Top of SOURCE RECORDS
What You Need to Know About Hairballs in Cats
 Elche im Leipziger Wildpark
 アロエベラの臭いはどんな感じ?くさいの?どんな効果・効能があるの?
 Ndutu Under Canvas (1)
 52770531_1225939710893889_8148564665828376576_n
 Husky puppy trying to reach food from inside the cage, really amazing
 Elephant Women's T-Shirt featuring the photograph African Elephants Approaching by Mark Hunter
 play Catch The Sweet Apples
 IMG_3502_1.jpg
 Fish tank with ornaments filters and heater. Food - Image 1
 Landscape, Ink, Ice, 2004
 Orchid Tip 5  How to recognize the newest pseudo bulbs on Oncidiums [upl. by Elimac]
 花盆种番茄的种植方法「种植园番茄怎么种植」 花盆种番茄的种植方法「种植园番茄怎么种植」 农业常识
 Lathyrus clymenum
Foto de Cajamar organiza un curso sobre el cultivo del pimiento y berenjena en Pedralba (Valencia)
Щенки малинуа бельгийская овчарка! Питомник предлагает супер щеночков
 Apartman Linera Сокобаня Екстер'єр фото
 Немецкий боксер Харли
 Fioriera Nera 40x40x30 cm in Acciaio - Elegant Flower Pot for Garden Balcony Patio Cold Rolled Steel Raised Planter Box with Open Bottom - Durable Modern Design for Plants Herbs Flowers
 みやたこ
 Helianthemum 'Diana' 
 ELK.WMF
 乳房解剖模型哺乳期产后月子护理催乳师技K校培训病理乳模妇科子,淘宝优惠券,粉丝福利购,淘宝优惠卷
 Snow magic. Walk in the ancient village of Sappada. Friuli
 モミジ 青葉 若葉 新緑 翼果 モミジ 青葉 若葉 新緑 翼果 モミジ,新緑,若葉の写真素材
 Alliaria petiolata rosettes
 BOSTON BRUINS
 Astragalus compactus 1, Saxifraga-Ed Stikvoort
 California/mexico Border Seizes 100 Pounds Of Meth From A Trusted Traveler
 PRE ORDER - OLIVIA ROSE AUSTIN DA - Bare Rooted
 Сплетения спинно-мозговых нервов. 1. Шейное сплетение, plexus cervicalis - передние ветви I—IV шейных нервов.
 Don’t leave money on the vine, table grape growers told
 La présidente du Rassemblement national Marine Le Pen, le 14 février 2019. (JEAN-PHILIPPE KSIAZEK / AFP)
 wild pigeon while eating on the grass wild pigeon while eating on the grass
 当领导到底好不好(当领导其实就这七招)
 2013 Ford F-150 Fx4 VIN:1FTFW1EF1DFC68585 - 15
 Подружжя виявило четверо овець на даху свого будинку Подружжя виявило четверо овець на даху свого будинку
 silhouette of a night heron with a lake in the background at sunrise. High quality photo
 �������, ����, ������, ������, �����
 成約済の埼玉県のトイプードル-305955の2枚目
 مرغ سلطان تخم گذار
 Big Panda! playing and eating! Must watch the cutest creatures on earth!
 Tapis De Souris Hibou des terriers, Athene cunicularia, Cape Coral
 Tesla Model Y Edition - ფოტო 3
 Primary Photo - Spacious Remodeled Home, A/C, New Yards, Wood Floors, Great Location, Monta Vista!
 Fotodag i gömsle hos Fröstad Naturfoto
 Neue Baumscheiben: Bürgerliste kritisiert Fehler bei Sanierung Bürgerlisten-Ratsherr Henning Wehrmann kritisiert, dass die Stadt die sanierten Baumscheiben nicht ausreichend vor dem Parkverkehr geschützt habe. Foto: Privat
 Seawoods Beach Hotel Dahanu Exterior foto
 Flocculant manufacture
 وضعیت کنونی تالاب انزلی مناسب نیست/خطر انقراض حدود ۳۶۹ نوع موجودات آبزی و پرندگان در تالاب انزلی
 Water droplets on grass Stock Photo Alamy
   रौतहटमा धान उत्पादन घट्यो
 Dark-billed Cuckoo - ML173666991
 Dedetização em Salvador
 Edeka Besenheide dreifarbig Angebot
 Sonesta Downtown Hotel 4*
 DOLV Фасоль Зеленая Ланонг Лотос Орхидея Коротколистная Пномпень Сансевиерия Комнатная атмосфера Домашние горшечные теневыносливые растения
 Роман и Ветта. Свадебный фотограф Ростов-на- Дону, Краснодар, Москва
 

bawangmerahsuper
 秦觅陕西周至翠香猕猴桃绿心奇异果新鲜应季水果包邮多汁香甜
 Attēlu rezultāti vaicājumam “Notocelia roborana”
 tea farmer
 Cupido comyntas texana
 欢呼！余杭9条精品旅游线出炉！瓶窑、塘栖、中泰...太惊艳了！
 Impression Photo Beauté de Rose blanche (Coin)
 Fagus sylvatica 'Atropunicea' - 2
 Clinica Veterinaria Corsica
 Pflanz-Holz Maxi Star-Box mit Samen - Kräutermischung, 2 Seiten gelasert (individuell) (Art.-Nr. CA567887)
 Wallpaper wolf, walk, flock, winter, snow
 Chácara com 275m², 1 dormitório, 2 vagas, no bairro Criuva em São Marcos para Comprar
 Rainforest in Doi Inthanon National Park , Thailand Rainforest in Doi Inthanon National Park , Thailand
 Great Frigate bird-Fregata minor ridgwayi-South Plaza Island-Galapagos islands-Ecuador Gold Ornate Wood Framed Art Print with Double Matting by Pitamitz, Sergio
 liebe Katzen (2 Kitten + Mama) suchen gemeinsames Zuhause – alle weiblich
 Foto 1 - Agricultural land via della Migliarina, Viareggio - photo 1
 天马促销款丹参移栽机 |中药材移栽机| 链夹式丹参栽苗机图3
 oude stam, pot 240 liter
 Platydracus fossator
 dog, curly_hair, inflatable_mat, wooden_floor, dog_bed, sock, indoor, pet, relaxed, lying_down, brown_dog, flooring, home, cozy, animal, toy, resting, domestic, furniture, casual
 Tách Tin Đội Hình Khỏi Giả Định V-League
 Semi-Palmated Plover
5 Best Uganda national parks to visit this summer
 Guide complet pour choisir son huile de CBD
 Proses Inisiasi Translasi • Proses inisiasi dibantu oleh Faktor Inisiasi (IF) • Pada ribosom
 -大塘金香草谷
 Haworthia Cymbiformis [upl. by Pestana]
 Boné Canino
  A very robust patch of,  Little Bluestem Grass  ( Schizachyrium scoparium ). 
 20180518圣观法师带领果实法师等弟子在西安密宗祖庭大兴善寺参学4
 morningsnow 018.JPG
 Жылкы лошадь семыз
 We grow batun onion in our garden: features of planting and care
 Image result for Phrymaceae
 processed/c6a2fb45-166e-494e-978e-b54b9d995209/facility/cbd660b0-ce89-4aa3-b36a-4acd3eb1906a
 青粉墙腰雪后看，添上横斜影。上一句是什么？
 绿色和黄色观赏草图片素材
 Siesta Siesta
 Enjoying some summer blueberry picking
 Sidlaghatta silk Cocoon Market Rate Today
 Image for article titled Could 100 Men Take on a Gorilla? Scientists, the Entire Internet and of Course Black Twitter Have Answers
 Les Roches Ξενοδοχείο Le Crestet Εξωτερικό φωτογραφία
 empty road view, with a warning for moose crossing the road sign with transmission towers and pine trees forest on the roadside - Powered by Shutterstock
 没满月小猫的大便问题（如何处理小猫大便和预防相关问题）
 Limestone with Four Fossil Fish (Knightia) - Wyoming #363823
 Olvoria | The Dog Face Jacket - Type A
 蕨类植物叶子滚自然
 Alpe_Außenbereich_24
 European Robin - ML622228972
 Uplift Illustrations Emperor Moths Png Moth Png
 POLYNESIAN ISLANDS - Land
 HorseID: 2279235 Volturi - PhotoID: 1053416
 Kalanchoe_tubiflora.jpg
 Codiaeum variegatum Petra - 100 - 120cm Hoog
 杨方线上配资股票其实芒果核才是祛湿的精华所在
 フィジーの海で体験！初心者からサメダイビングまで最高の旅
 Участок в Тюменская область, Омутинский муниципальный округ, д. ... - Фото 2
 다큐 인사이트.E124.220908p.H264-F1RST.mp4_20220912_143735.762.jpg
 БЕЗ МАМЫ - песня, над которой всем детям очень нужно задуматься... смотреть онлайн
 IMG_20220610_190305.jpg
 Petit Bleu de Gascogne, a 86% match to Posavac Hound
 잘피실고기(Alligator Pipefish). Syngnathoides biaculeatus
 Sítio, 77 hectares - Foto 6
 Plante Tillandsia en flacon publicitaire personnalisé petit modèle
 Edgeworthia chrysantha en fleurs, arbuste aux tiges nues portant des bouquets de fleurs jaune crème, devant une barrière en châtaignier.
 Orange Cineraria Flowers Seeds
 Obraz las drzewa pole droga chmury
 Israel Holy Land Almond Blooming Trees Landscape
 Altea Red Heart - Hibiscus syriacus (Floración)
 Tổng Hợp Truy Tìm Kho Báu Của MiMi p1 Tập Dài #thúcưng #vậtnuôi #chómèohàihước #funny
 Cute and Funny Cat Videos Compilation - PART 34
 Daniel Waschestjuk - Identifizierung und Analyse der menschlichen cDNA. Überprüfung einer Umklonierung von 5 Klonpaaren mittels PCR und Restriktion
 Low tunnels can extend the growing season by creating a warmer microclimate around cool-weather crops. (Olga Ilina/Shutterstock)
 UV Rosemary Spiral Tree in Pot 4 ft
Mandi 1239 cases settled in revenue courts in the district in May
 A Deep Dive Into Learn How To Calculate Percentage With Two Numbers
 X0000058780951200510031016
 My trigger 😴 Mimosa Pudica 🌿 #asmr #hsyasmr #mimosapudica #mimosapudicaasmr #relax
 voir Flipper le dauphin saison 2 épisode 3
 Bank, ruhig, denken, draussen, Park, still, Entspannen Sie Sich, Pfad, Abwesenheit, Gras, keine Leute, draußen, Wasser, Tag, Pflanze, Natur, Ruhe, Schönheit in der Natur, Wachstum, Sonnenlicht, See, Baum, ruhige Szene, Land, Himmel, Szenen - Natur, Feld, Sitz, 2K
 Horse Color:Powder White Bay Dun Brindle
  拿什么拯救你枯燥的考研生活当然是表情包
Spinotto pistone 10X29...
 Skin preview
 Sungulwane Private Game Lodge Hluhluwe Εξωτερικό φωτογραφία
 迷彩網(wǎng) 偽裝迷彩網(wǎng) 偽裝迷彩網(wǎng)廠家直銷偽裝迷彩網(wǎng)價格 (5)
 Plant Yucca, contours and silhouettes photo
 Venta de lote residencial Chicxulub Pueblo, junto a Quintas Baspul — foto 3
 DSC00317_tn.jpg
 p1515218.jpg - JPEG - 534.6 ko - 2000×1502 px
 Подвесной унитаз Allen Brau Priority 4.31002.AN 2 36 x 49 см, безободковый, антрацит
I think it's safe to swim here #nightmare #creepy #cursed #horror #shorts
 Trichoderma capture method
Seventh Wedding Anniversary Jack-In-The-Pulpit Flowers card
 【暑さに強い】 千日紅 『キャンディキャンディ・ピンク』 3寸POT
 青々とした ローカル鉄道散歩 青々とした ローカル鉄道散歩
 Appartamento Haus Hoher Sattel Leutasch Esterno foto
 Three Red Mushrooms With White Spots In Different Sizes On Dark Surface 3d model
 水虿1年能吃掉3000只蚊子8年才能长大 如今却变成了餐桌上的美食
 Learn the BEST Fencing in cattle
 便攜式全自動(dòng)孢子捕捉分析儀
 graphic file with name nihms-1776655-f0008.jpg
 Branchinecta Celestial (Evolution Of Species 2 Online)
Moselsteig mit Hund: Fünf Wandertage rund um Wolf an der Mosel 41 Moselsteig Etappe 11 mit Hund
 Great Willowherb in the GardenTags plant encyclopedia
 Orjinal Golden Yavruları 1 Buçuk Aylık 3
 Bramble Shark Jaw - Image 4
Bottom of SOURCE RECORDS
EXERCISE GOAL – Above this instruction are the records; retype exactly the lines from the one containing "My trigger 😴" up to and including the one containing "voir Flipper le dauphin saison 2 épisode 3".

EXPECTED OUTPUT –
 My trigger 😴 Mimosa Pudica 🌿 #asmr #hsyasmr #mimosapudica #mimosapudicaasmr #relax
 voir Flipper le dauphin saison 2 épisode 3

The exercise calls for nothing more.